I was almost thrown over the cab, Jamie had to brake so hard, and I had to grab the top of the window and snag her belt to keep her from being launched over. The tires were squealing, and the side of the truck started creeping sideways, threatening to go into the grassy median. For the first time in a long time, I prayed. None of us could survive that if we rolled. The acrid smell of rubber and the sounds of Mel crying out in alarm were all I could take, and I gritted my teeth and closed my eyes, waiting for the inevitable.
It was over much sooner than I thought, the truck coming to rest with the rear tires still on the pavement, but the bed over the median. I looked back and saw that the Hummers were closing the distance fast. I’d never seen or heard the shot, but I glanced to the wreckage in front of us, and I knew it wasn’t them. It looked like the crater an HE mortar round would make. It’d torn the asphalt up, cratering the road. Even worse, it had torn into the nearby car, which had come to rest on its roof, blocking half the road. I turned back to see the turrets lowering in on us.

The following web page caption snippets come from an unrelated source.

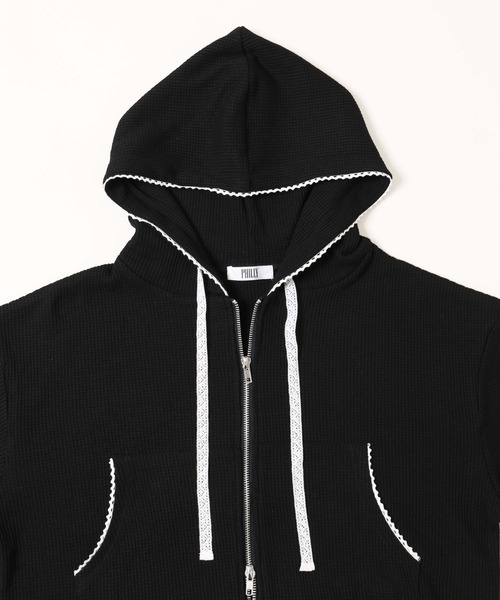 WC（ダブル シー）の「【セットアップ可能◎】ワッフルジップパーカー（パーカー・レディース・グレー/アイボリー/ブラック・FREE）」の11枚目の写真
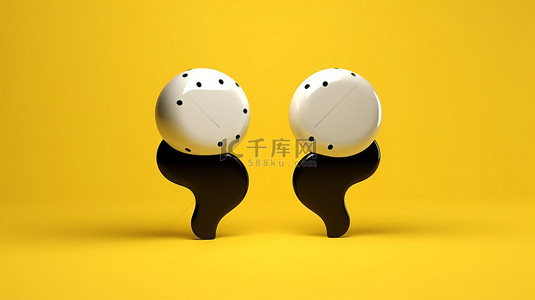 黄色背景的 3D 渲染插图，带有两个黑白语音气泡符号，用于评论或谈话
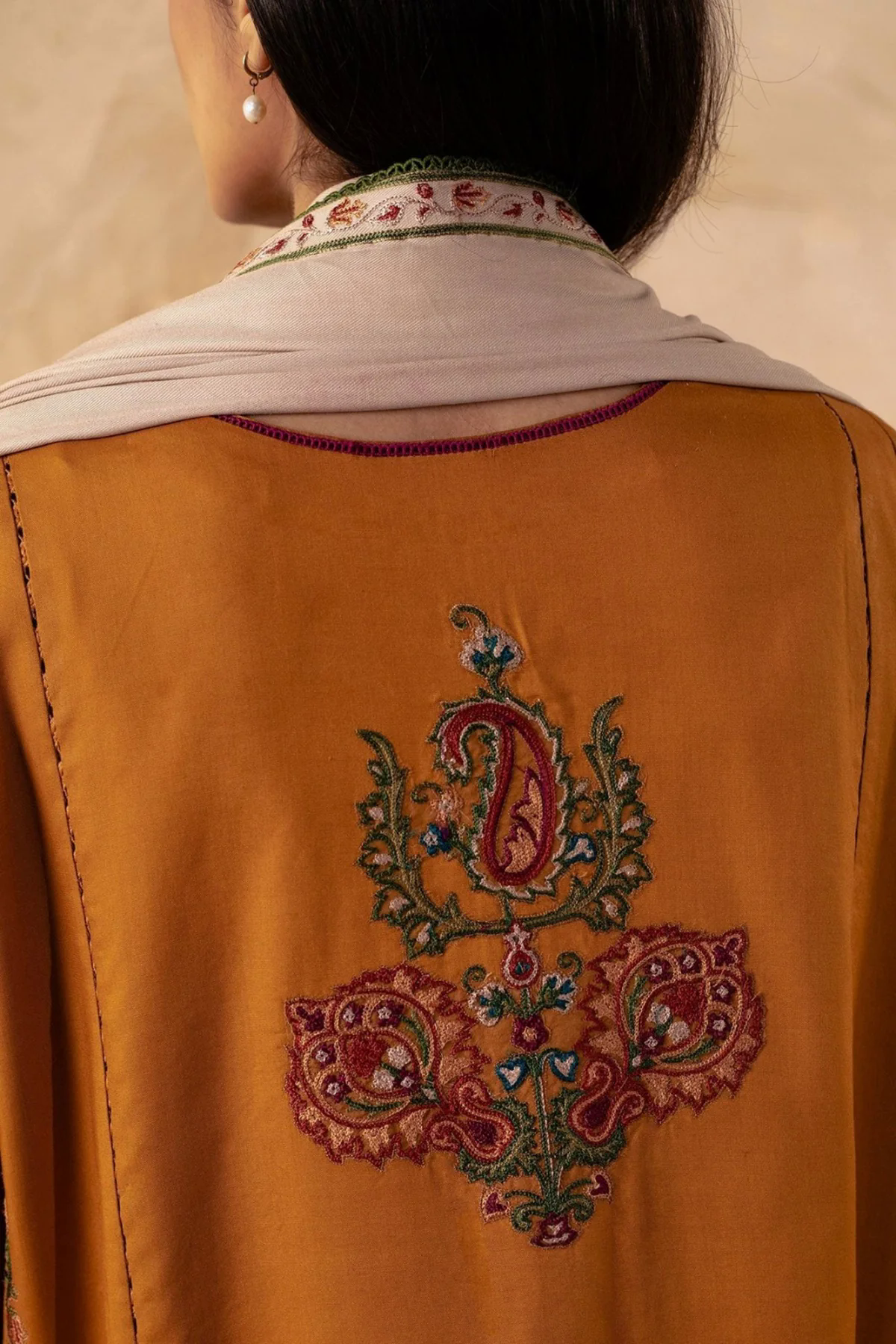 3PC Embroidered Dhanak with Dhanak Embroidered Shawl - GA1774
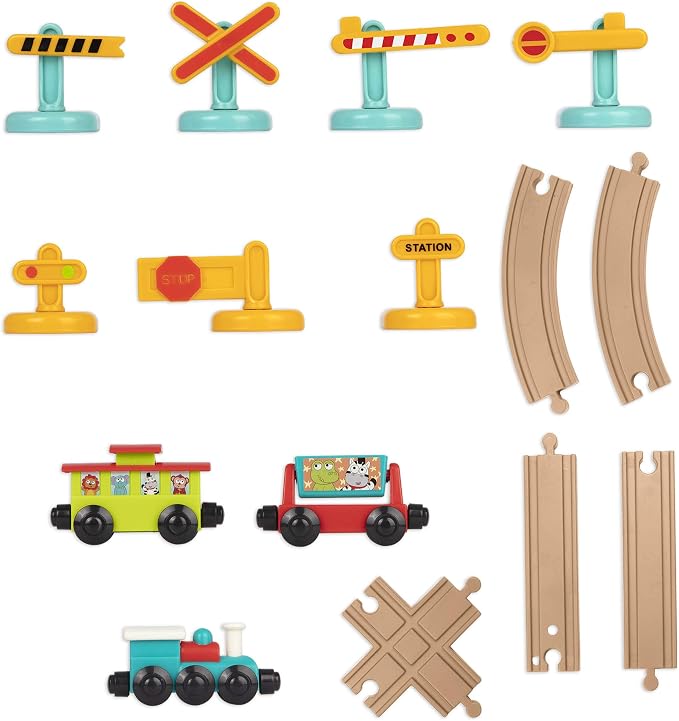 Battat – Train Set for Kids, Toddlers – 29 Pieces Track Set with Accessories – Developmental Toy – 2+ Years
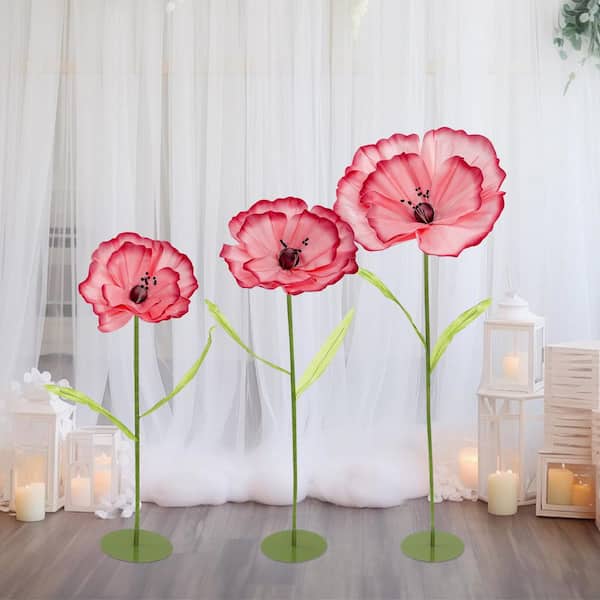 55 in. H, 47 in. H, 39 in. H Red Wedding Birthday Party Banquet Background Artificial Flower Arrangements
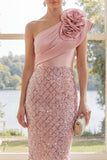 Sparkly One Shoulder Blush Sheath Midi Dress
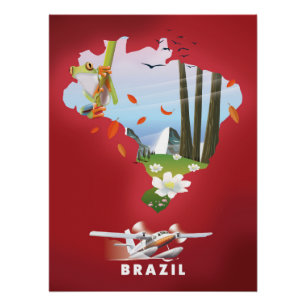 Illustriertes Brasilien-Reiseposter. Poster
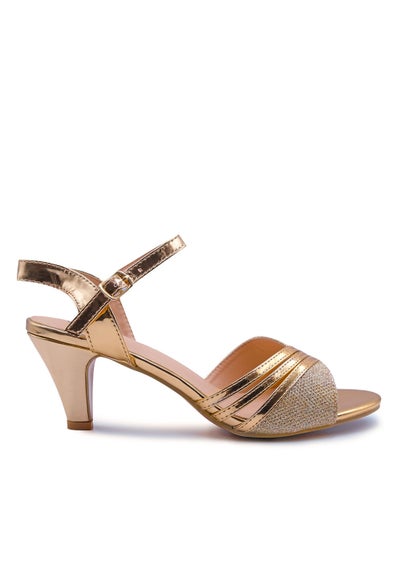 Where's That From Stormi Low Heel Sandals In RoseGold Glitter - Size 4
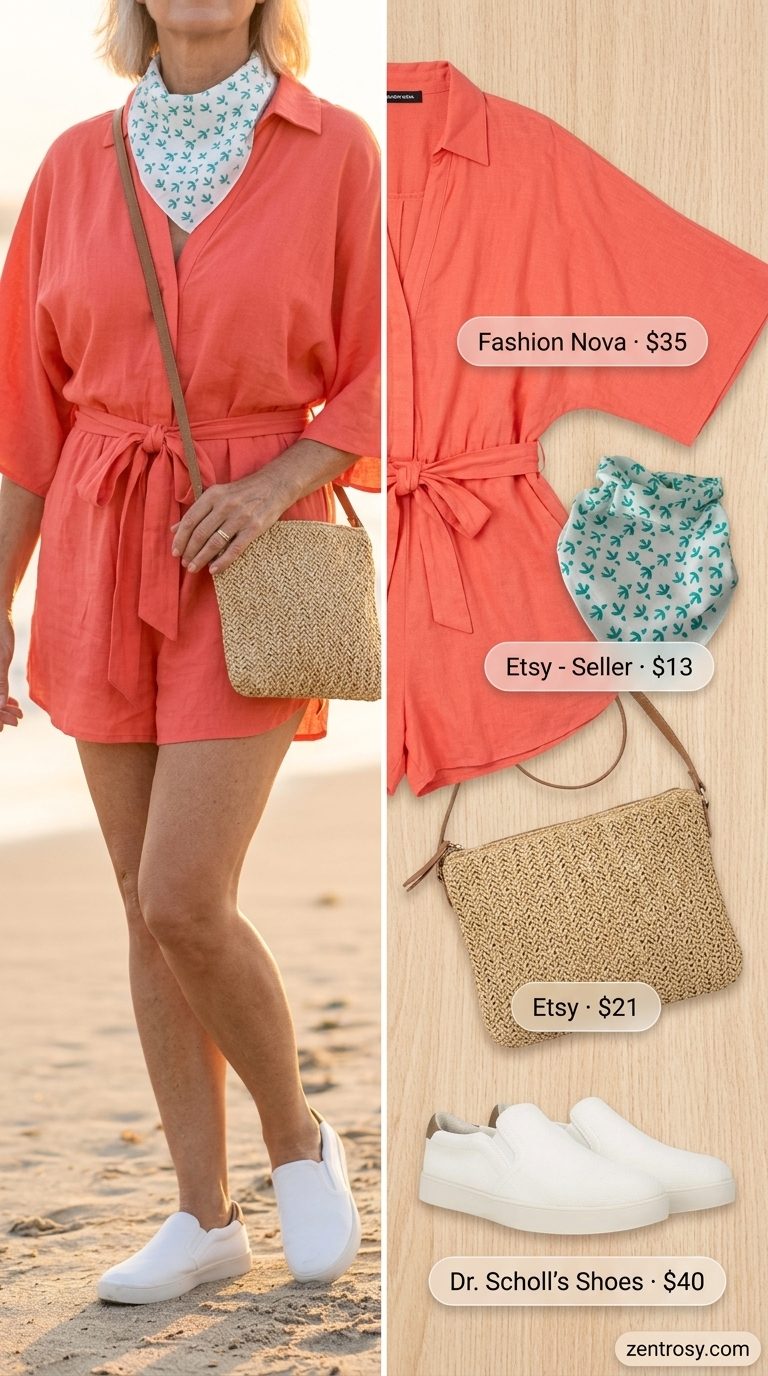 Comfortable summer outfit for women over 60 2026: Coral linen romper with white sneakers and straw bag.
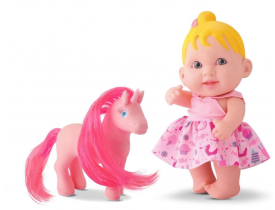 Boneca Babies Com Unicórnio Escova Pente Bee Toys - 133664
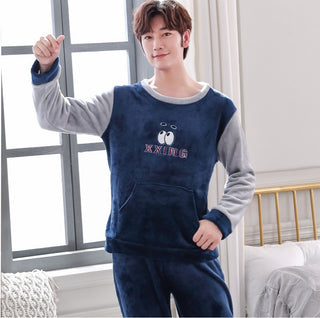 Buy a Coral Velvet Thickened Plus Velvet Cartoon Men&#39;s Pajamas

I raised my hands. There was nothing to do. Courtney saw what I was doing and raised hers as well.
“What’s going on, Dick?” Luis called.
“Get out and keep your hands in sight,” I said. “It’s the government. I don’t know why they are chasing us, or who fired what. It’s pretty obvious they wanted us to stop. Let’s not give them an excuse to shoot us, huh?”
“Mom, I’m scared,” Mel said from behind me.
“Me too,” Jamie said, her door opening.
I snuck a look back and saw both her hands come out of the truck first, and then her head. I’d promised them I would get them home to Steve safe. I didn’t know if I could keep that promise now. I just didn’t understand what was going on and…
“Line up at the tailgate, hands up, or you will be fired upon.” A voice came out of a loud speaker even before the Hummers came to a stop.
I judged the distance to the ground. If I dropped my hands to climb over, they might think I was going for my gun on the drop sling. If I grabbed the sling to take the gun off, they might think the same thing and open fire. So I went with the safest option. I tried to step over the tailgate and jump down. I landed hard, pain shooting up to my hip. An old wound that kept flaring up made the pain shoot through my body.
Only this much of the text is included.